Low-Cost Carriers Reshape the Market
Low-cost carriers are transforming the Middle East aviation scene. In 2024, LCCs accounted for 29% of the region’s total capacity, a significant leap from just 13% a decade ago.
Over the past ten years, LCC capacity has grown at an impressive annual rate of 11.5%, far outpacing traditional carriers. Leading this charge is flynas, the region’s fastest-growing airline, which boosted its capacity by 63% compared to 2019.

Close behind is flydubai, with a 56% capacity increase. Together, these carriers operated nearly 14.4 million departing seats in 2024, with flynas slightly ahead by 25,000 seats.
This rapid LCC expansion reflects a shift in traveler preferences, with budget-conscious passengers driving demand for affordable fares.
As LCCs continue to grow, they are challenging the dominance of full-service carriers and reshaping competition across the region.
Legacy Carriers Maintain Stronghold
Despite the rise of LCCs, legacy carriers like Emirates, Qatar Airways, and Saudia Group remain regional powerhouses. These three carriers collectively operated 127 million departing seats in 2024, solidifying their positions as the top three airline groups in the Middle East.
Emirates and Qatar Airways also rank among the top 20 global airlines by capacity and the top 10 by available seat kilometers, underscoring their global influence.
Legacy carriers rely heavily on connecting traffic, with 84% of Qatar Airways’ passengers, 77% of Etihad’s, and 66% of Emirates’ travelers using their hubs for onward journeys.
This connectivity strengthens the Middle East’s role as a global aviation hub, linking continents and driving passenger traffic.

Competitive Routes and Regional Trends
The Middle East’s busiest routes are highly competitive. The Cairo–Riyadh corridor stands out, with eight airlines vying for passengers. Other key routes, such as Dubai–Riyadh and Cairo–Jeddah, also see intense competition.
Meanwhile the Dubai–Heathrow route is more concentrated, with four airlines in operation. These competitive hotspots highlight the region’s strategic importance and the battle for market share among carriers.
Egypt emerges as a focal point for LCC growth, particularly in the African market. For instance, 96% of flyadeal’s African capacity, 81% of flynas’s, and 73% of Air Arabia’s Middle East–Africa capacity are dedicated to Egypt.
This trend underscores Egypt’s growing appeal as a destination and a hub for affordable travel.

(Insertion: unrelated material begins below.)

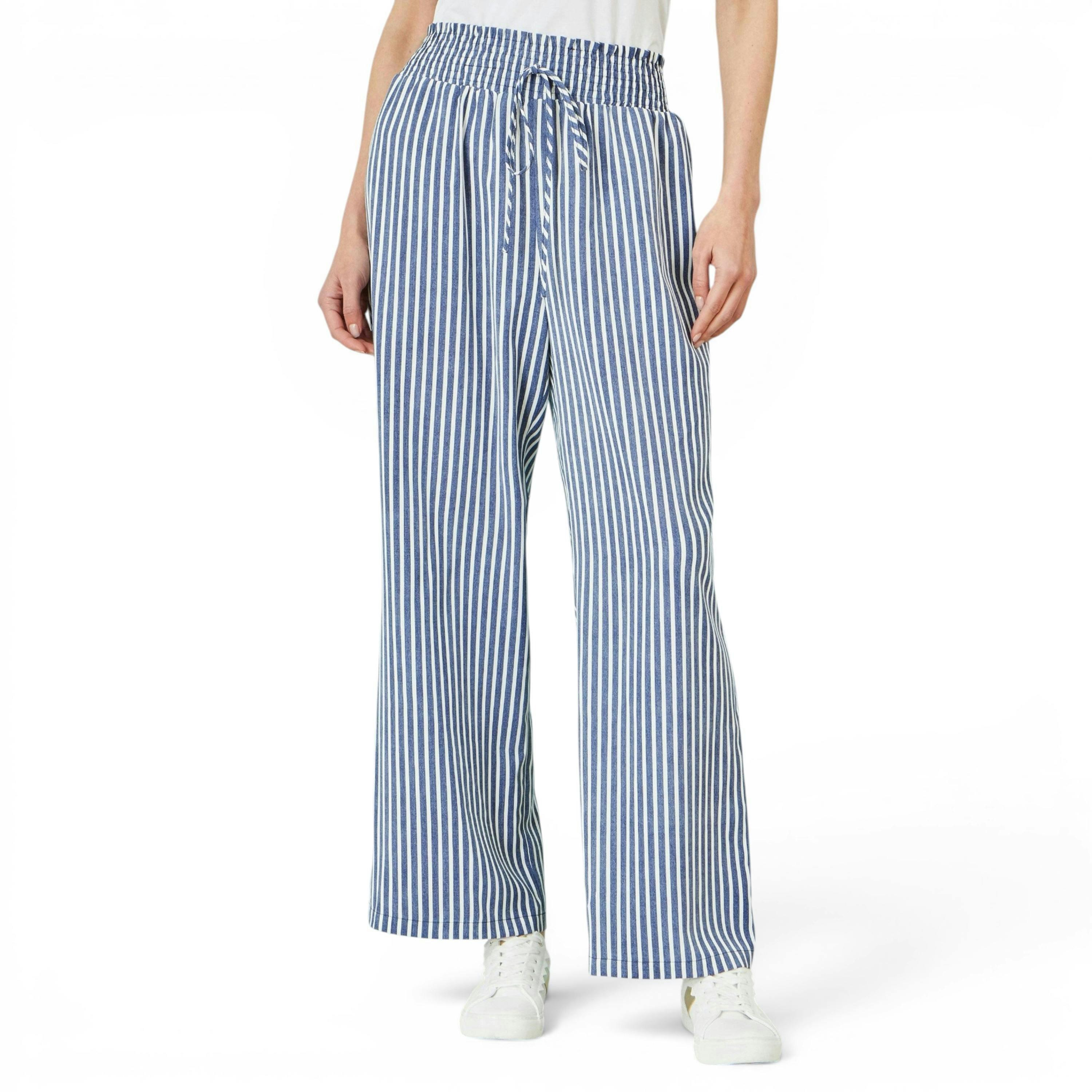 Yumi Blue Stripe Relaxed Trousers , view 2 of 4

A Bright Future for Middle East Aviation
Filip Filipov, COO of OAG, emphasizes the region’s growth potential. “The Middle East’s strategic position as a global hub, combined with the dynamic expansion of both low-cost and network carriers, is driving unprecedented opportunities.”
“This vibrant market is setting the stage for advancements in aviation technology and passenger experience.”
As the Middle East aviation market continues to grow, the interplay between LCCs and legacy carriers will shape its future.
With increasing competition, technological innovation, and a focus on passenger experience, the region is poised to further strengthen its position as a global aviation leader.